[[ Source data open ]]
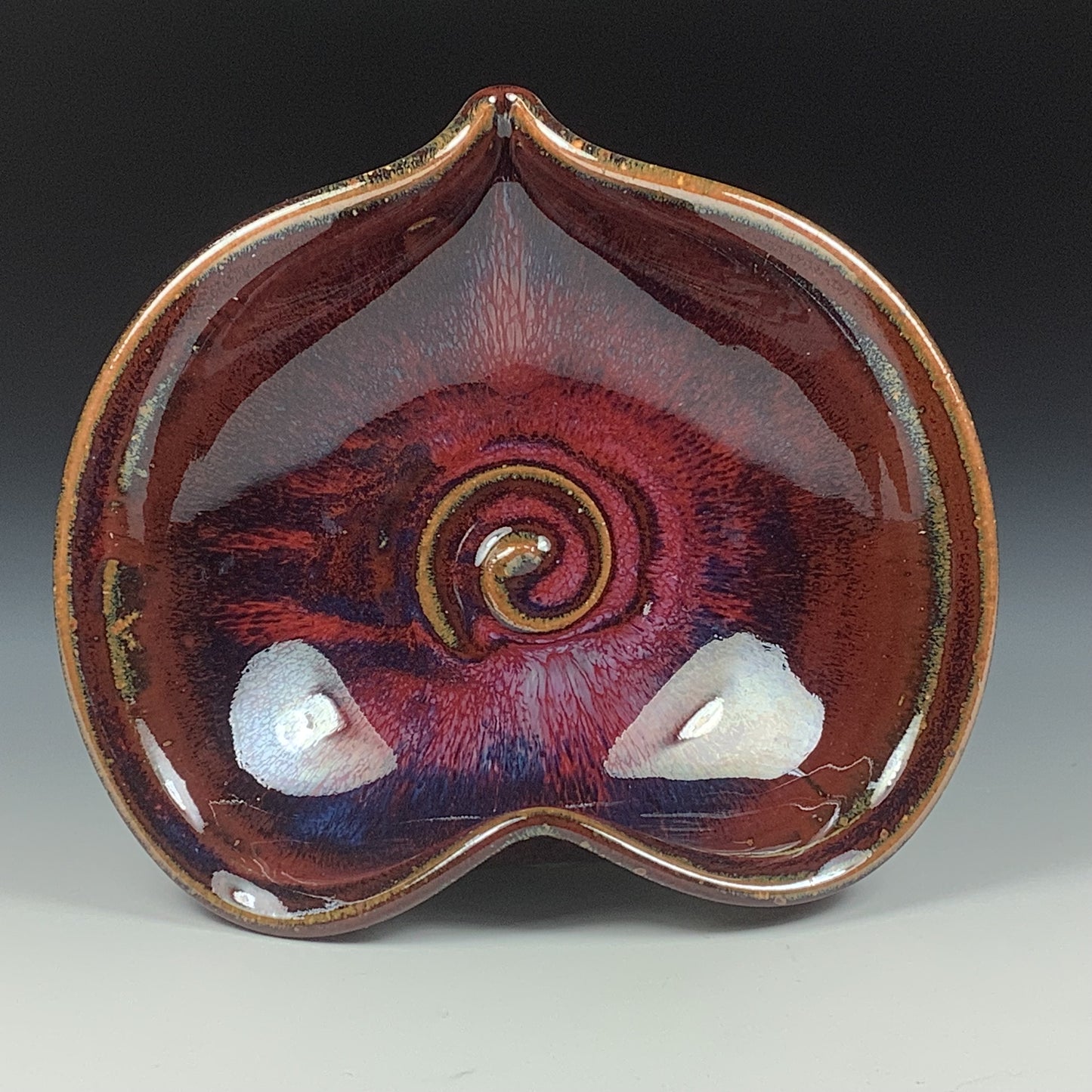 Handmade ceramic pottery bowl stoneware dinnerware heart-shaped bowl- Deep red heart love bowls dishes - item 3523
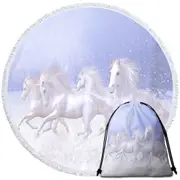 Beautiful Running White Horses the Snow Horses Round Beach Towel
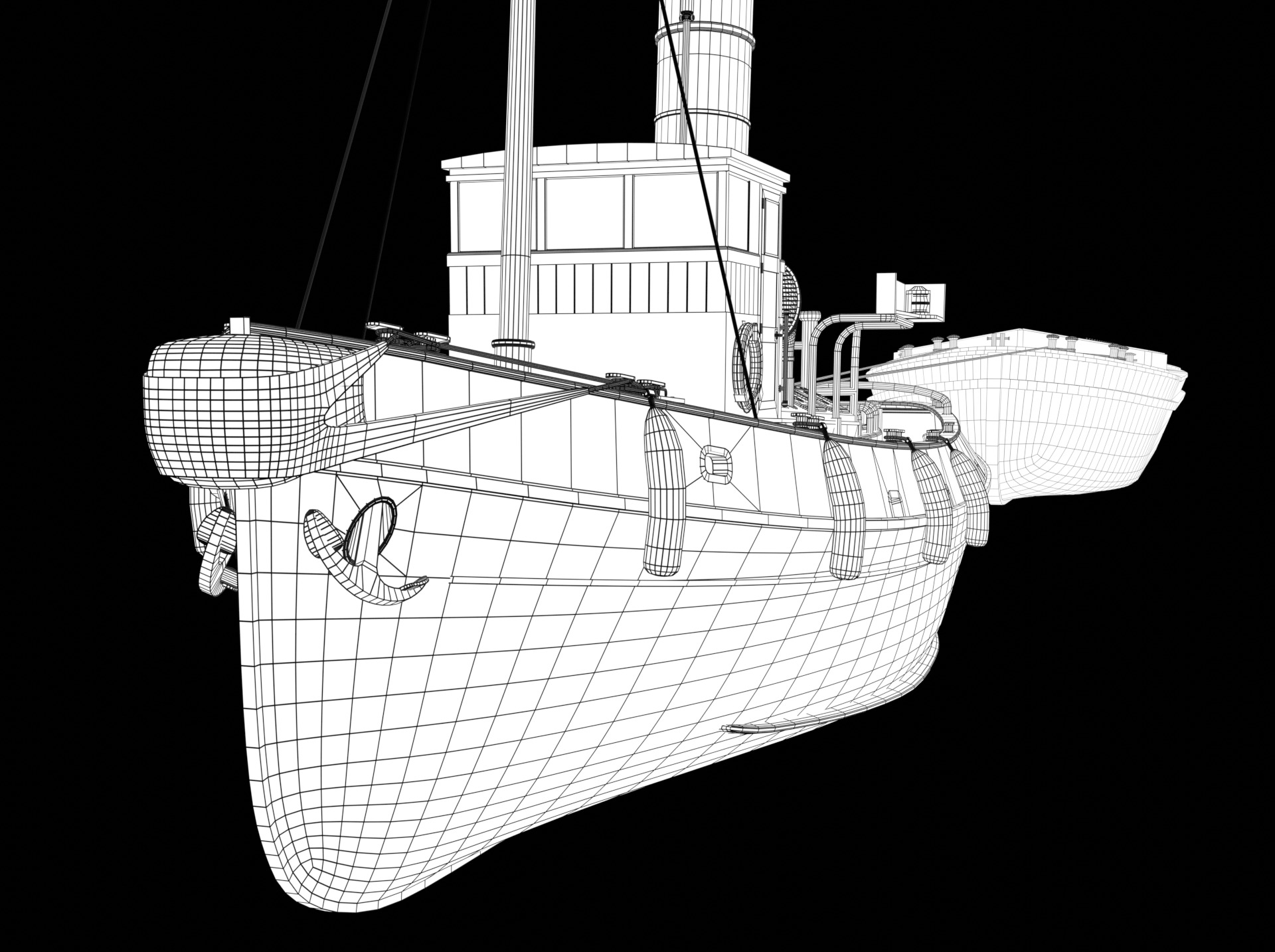 Steam Tug and Cargo Barge 3D model_19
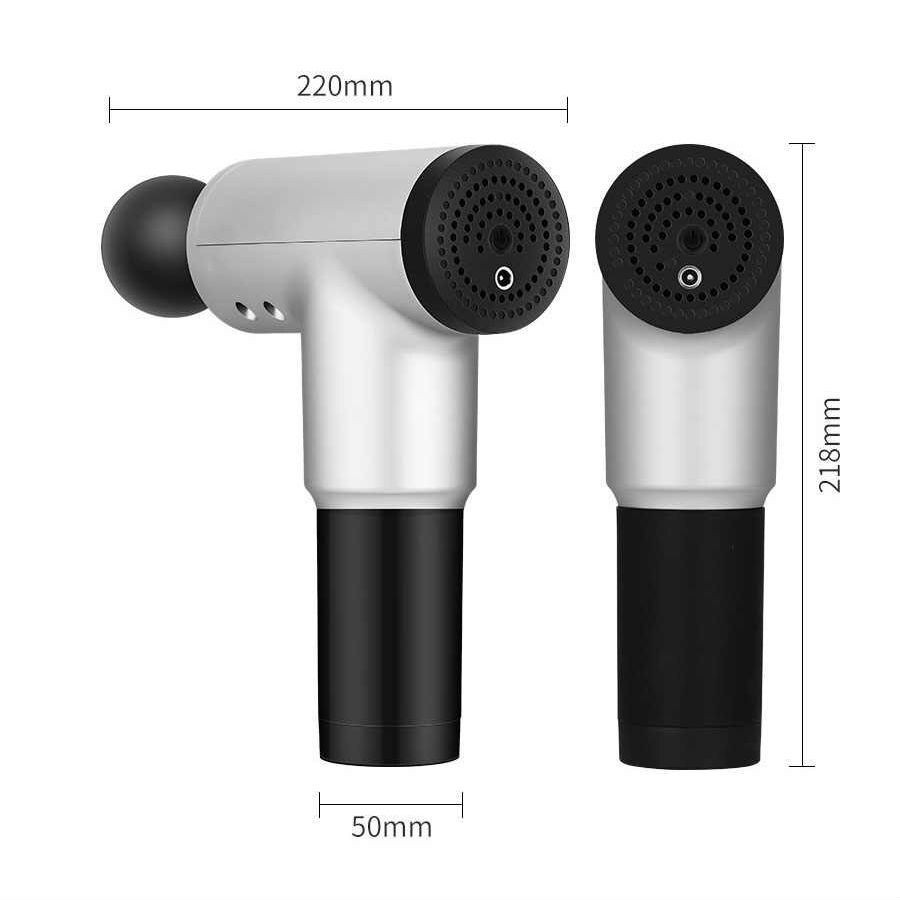 Máy Massage Cầm Tay Fascial Gun 2021, Súng Massage 4 Đầu 6 Chế Độ Fascial Giảm Căng Cơ, Trị Nhức Mỏi Vai Gáy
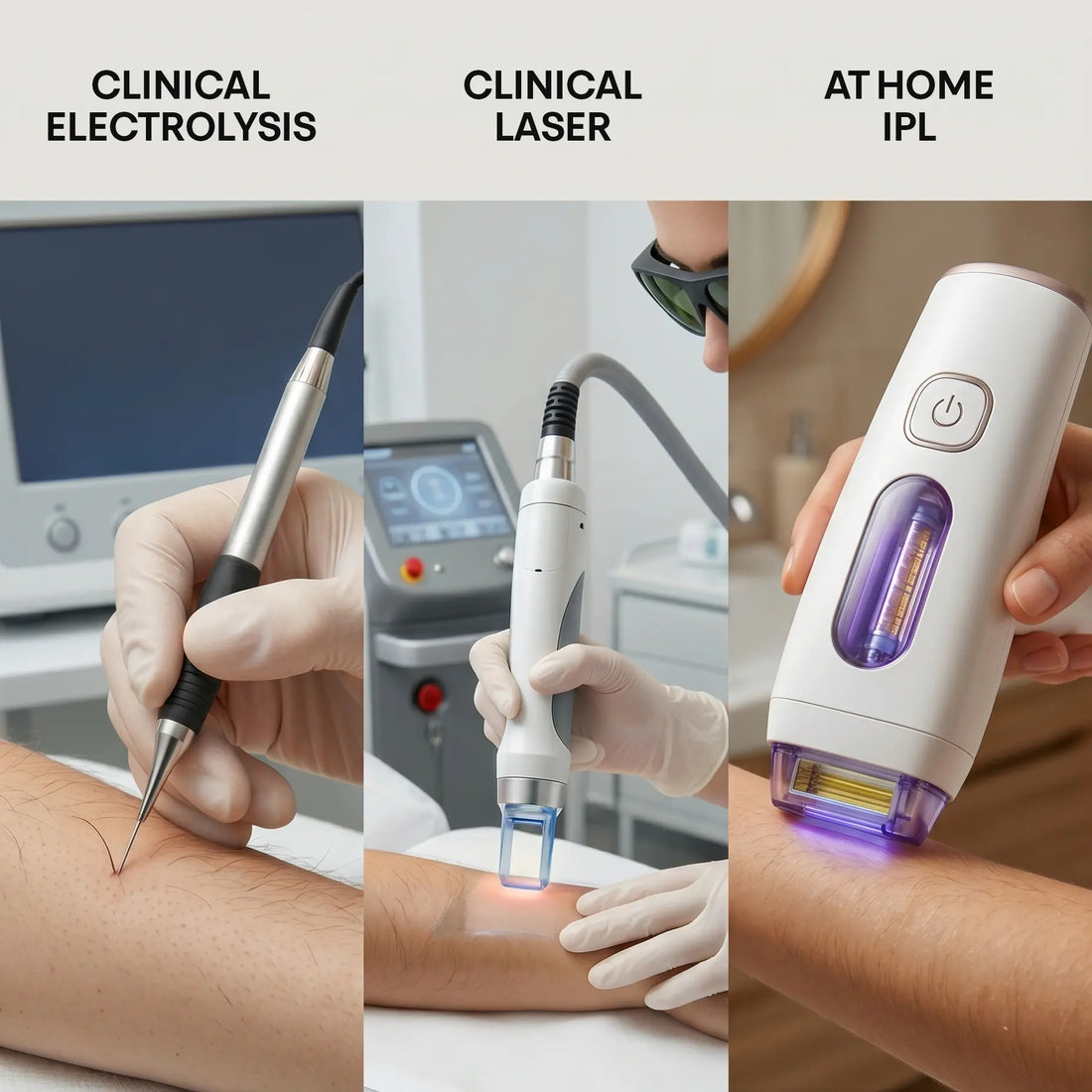 A side-by-side comparison of the three main permanent hair removal methods: a clinical electrolysis needle, a professional clinic laser, and glowpros at-home IPL handset.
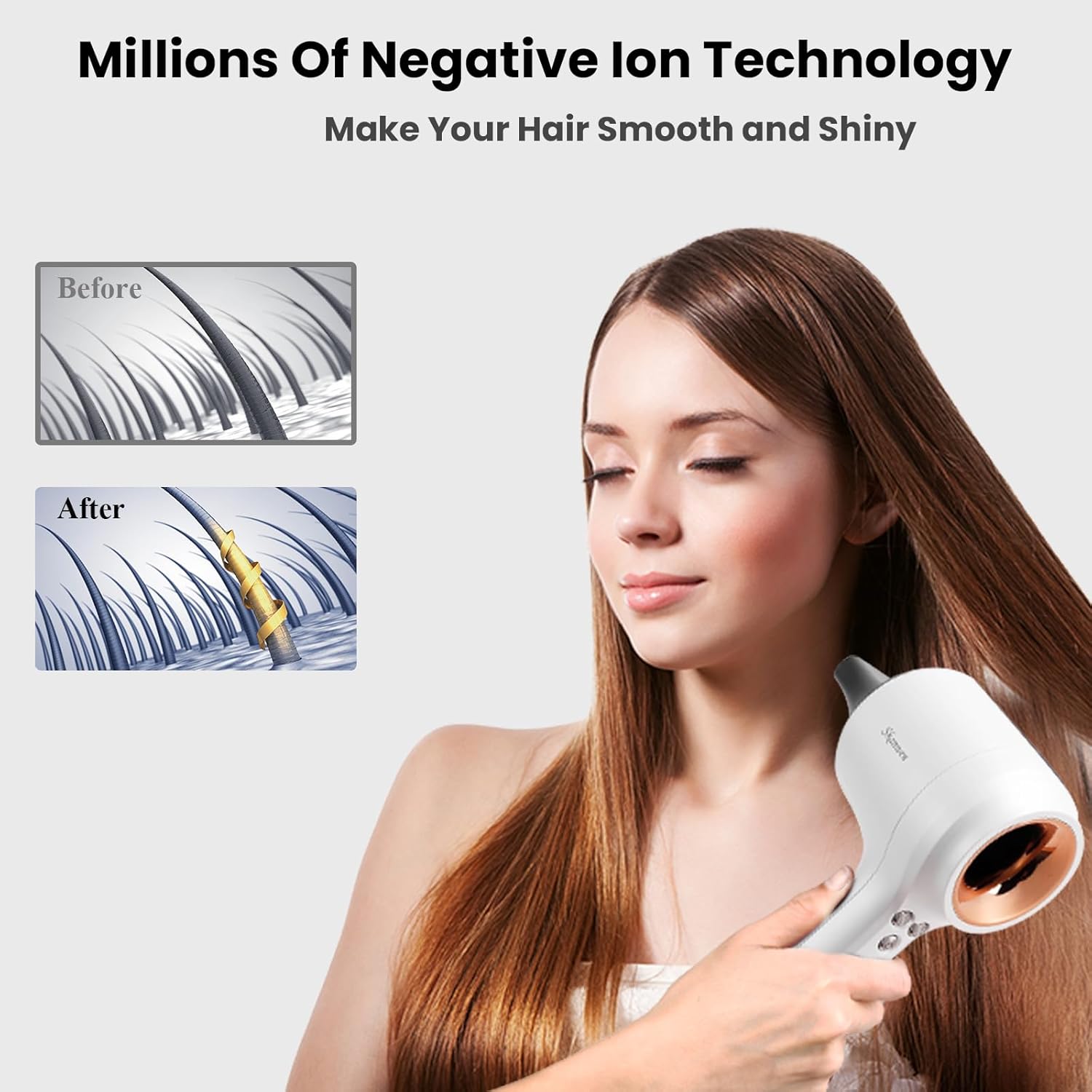 Secador de pelo con difusor, secador iónico profesional de 1400 W con motor sin escobillas de alta velocidad para secado rápido, secador silencioso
[[ Source data closed ]]
Output exactly the lines from the line with "Steam Tug and Cargo Barge 3D model_19" to the last line of the records, including both, and leave every picture out.

- **Answer space**:
 Steam Tug and Cargo Barge 3D model_19
 Máy Massage Cầm Tay Fascial Gun 2021, Súng Massage 4 Đầu 6 Chế Độ Fascial Giảm Căng Cơ, Trị Nhức Mỏi Vai Gáy
 A side-by-side comparison of the three main permanent hair removal methods: a clinical electrolysis needle, a professional clinic laser, and glowpros at-home IPL handset.
 Secador de pelo con difusor, secador iónico profesional de 1400 W con motor sin escobillas de alta velocidad para secado rápido, secador silencioso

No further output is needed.